= DATASET EXCERPTS =
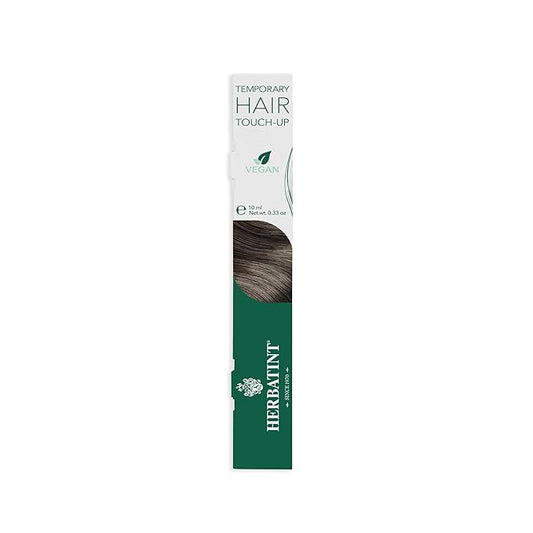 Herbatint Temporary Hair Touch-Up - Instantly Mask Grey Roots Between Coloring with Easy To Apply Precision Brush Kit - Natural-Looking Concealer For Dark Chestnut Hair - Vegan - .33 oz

==

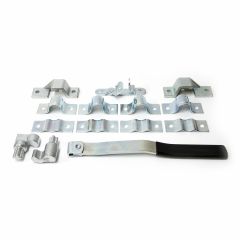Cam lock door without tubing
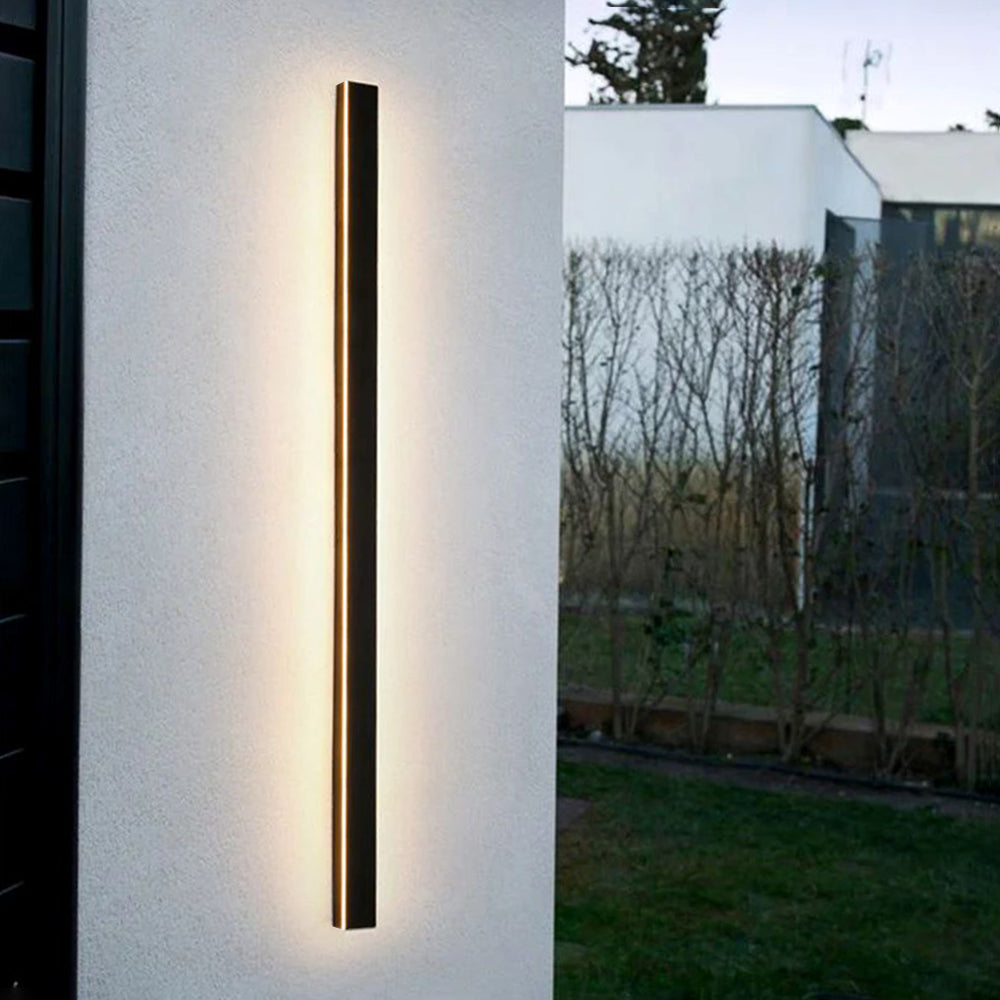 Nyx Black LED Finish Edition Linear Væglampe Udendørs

= ASSIGNMENT =
Range to copy from the listing above: the line with "Cam lock door without tubing" through the line with "Nyx Black LED". Transcribe it exactly and skip the pictures.

= REPLY =
Cam lock door without tubing
 Nyx Black LED Finish Edition Linear Væglampe Udendørs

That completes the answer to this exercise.